▸ Brief: Repeat the following entries exactly, excluding pictures.

↓

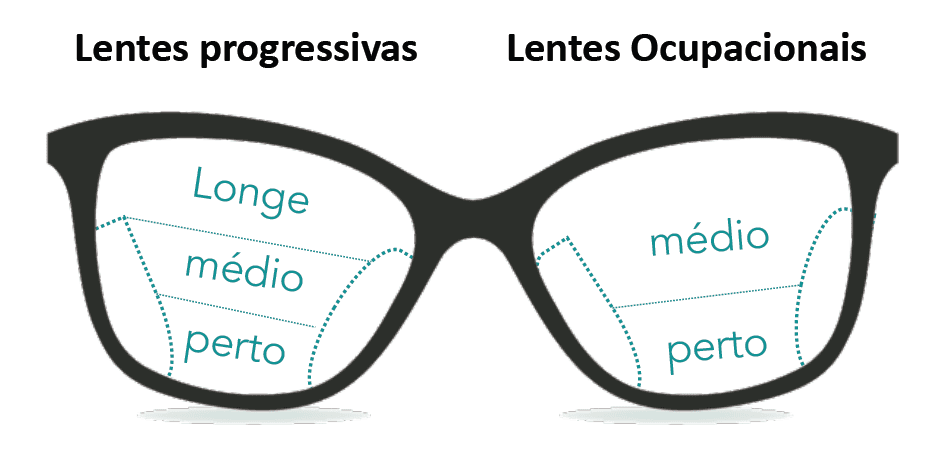 Lentes Intermediárias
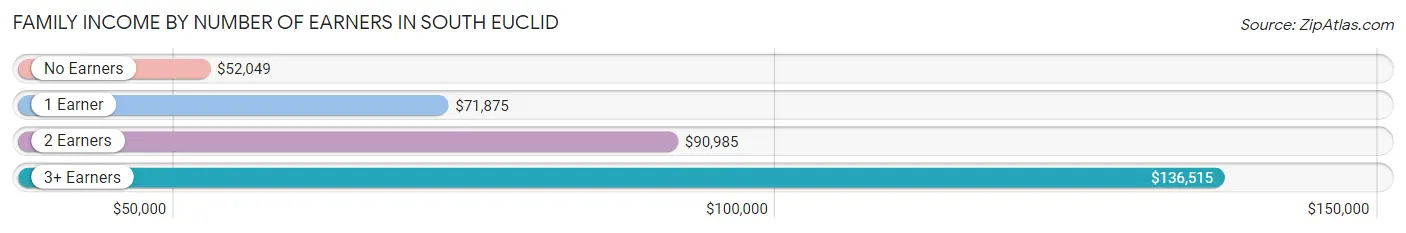 Family Income by Number of Earners in South Euclid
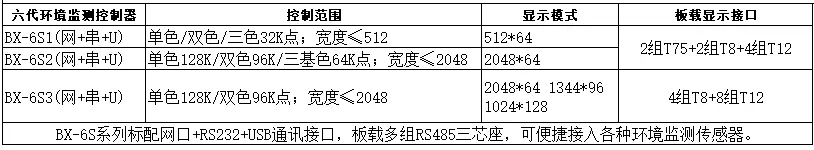 乐虎国际·lehu(中国)官方网站登录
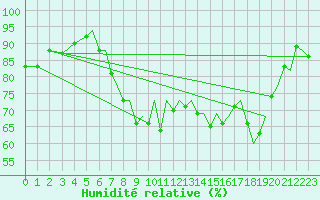 Courbe de l'humidit relative pour Bournemouth (UK)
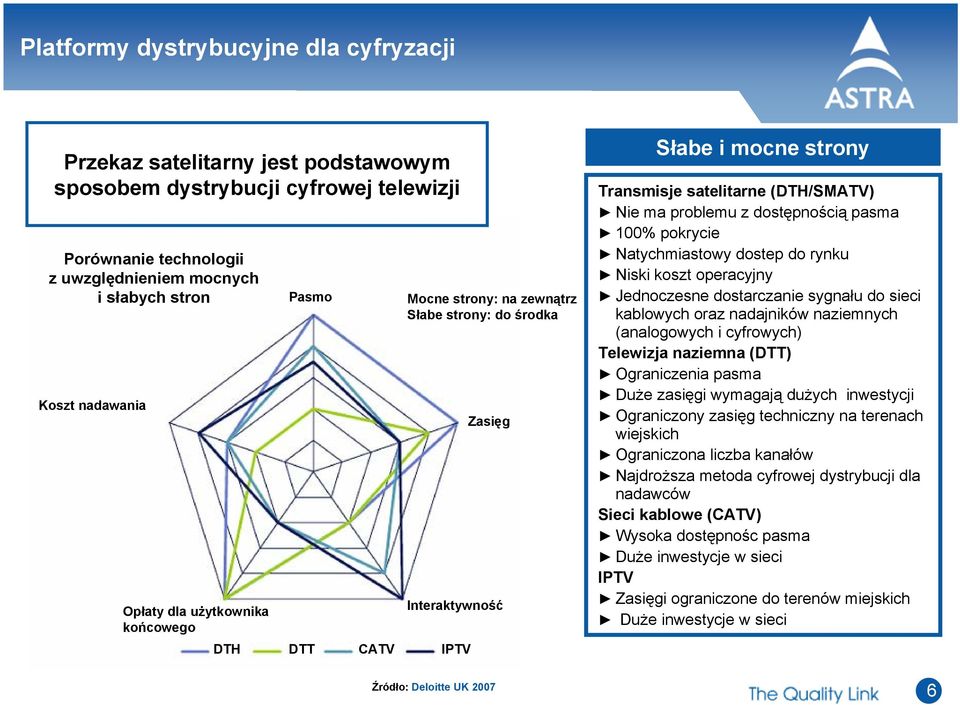 (DTH/SMATV) Nie ma problemu z dostępnością pasma 100% pokrycie Natychmiastowy dostep do rynku Niski koszt operacyjny Jednoczesne dostarczanie sygnału do sieci kablowych oraz nadajników naziemnych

↑

▸ Expected answer:
 Lentes Intermediárias
 Family Income by Number of Earners in South Euclid
 乐虎国际·lehu(中国)官方网站登录
 Courbe de l'humidit relative pour Bournemouth (UK)
 (DTH/SMATV) Nie ma problemu z dostępnością pasma 100% pokrycie Natychmiastowy dostep do rynku Niski koszt operacyjny Jednoczesne dostarczanie sygnału do sieci kablowych oraz nadajników naziemnych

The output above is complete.